A local mom was recognized with the National Heroism Award Medal from the Boy Scouts of America after helping save a stranger’s life using techniques she learned with her son in Boy Scouts.
Boy Scouts Representative Paul Cowan presented the award during the June 20 Cy-Fair ISD board meeting.
On Feb. 12, Christine Allen-Jackson of Truitt Middle School was at the Houston Museum of Science with her son Alex, when a man suddenly collapsed.
“He hit his head really hard on the floor,” said Cowan. “What most people do and what most people did do is everybody just stood around. Nobody knew what to do.”
Fortunately, Jackson and her son had just taken a scouting emergency preparedness course.

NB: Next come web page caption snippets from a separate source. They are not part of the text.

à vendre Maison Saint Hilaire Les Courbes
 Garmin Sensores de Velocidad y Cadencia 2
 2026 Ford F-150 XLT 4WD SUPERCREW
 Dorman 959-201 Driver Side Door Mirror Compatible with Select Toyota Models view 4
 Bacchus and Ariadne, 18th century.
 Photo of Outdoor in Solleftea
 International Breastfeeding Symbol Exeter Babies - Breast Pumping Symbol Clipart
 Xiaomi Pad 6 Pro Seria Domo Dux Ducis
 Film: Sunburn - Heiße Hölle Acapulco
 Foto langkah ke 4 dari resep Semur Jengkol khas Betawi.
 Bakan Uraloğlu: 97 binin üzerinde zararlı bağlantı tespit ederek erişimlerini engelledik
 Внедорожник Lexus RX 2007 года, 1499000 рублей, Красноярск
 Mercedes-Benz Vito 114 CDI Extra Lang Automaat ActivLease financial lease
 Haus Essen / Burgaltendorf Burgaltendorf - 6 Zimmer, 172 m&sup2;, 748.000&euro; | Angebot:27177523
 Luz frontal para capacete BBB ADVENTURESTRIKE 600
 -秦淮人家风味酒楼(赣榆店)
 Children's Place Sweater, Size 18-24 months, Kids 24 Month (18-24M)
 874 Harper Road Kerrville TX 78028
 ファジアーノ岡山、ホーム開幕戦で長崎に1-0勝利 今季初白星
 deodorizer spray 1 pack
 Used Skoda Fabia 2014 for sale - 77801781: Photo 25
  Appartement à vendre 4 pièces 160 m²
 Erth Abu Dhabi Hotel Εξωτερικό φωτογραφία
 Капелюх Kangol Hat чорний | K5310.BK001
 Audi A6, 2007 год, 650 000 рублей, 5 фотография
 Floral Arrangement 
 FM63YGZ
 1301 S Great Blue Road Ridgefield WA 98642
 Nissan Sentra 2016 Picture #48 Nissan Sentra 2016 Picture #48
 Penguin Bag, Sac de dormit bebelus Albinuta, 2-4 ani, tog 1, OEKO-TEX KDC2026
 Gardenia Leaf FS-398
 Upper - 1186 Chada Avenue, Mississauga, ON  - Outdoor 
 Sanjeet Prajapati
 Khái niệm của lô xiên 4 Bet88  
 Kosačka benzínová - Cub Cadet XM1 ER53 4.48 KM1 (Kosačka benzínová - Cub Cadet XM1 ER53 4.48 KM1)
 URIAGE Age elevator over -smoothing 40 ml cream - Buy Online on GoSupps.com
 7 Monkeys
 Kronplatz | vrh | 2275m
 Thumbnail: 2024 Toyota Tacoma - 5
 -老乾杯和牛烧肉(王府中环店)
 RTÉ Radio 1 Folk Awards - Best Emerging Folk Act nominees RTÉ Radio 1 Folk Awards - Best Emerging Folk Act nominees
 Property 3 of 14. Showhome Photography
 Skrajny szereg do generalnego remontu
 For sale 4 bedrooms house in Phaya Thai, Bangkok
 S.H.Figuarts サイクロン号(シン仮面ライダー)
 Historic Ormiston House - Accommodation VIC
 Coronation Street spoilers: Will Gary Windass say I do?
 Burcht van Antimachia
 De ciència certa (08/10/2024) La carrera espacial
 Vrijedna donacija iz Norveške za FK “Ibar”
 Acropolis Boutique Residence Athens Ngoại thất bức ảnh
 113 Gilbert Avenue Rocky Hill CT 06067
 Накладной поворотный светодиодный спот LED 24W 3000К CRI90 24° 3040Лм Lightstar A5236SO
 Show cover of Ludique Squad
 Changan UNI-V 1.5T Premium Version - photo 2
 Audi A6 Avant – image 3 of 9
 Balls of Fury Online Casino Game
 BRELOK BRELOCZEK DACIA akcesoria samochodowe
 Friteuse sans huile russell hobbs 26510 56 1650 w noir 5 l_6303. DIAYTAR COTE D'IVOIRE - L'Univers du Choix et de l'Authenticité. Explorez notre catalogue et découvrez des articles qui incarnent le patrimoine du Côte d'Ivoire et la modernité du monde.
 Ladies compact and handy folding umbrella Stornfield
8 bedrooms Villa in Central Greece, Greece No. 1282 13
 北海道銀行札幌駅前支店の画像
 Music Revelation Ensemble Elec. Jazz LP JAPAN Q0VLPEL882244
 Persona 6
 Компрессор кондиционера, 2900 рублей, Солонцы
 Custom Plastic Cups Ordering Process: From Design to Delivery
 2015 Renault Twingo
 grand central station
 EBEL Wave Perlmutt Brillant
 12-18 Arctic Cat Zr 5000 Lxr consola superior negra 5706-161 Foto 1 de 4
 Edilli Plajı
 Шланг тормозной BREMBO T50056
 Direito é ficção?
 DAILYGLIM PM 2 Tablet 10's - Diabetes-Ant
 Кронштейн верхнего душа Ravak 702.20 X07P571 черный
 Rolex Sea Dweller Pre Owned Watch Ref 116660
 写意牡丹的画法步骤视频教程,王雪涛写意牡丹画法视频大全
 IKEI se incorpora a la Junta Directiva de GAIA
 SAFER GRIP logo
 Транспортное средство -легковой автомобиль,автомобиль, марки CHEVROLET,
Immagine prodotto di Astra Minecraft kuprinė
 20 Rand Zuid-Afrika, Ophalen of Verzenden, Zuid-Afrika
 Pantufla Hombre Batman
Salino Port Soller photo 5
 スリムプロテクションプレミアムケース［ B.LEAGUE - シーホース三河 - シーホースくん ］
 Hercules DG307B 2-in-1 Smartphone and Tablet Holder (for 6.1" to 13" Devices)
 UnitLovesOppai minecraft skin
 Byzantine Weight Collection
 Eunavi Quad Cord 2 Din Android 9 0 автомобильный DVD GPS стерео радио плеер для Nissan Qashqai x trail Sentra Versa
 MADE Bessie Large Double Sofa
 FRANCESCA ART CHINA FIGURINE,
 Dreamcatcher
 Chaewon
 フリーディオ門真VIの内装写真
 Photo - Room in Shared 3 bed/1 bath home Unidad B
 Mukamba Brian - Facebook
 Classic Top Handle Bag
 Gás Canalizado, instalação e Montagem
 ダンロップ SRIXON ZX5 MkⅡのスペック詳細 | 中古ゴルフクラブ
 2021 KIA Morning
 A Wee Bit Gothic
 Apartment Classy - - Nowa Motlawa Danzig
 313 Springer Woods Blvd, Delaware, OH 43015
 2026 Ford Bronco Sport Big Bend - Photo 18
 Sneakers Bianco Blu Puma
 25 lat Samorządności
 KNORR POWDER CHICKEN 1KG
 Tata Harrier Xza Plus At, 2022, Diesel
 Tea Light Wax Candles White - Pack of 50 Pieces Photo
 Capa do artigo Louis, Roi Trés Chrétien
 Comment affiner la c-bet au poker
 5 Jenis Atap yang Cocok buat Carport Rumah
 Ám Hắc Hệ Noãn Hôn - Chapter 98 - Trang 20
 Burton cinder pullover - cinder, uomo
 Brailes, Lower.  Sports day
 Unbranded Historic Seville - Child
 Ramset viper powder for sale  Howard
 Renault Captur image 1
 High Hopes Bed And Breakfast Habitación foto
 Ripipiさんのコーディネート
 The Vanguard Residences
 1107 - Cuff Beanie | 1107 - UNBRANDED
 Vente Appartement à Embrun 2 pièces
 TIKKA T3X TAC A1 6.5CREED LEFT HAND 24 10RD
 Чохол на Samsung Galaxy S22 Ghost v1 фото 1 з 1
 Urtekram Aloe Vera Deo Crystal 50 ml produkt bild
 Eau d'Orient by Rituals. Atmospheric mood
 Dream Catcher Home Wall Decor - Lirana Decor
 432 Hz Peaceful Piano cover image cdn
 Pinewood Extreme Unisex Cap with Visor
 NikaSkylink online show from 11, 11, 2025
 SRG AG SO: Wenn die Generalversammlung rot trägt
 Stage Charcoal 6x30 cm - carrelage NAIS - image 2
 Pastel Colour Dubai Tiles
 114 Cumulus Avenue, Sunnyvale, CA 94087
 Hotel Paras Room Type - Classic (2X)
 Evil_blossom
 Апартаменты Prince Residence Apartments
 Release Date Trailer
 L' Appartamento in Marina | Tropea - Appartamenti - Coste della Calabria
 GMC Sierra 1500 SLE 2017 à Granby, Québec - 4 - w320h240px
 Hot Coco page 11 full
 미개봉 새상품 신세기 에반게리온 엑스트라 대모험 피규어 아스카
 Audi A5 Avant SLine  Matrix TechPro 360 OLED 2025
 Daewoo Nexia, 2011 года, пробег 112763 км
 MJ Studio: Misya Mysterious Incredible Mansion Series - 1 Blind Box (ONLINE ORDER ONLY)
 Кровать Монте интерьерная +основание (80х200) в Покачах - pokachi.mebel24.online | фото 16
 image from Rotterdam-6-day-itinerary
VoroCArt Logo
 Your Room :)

“Very calmly they went to the man and saw that he was vomiting. They rolled him on his side so he wouldn’t aspirate,” said Cowan. “The first thing you do in an emergency is call 9-1-1, and that’s what Jackson did. She continually called it out until someone said, ‘I did it. They’re coming.’”
In the meantime, Alex had noticed the man’s head was bleeding profusely. They gathered napkins and rags to attempt to staunch the bleeding. “They put pressure on his head and treated him for shock,” he said.
As time passed, another bystander joined Jackson and her son and located the man’s ID. They also attempted to calm the man while he was still convulsing.
When the paramedics showed up and took over, they commented that Jackson had done everything by the book.
“In her humbleness, she and Alex sort of went away, disappeared into the crowd,” he said. “It wasn’t until about three weeks later, I got a letter in the mail from a gentleman who witnessed the event and brought it to our attention.”
Only one out of 100 scouts will save the life of another person, said Cowan. To receive the Heroism Award, the recipient must have put into practice Scouting skills or ideals, but need not have risked their own life or attempted a rescue effort. In 2012, 155 people in the nation received the award, according to the Boy Scouts of America.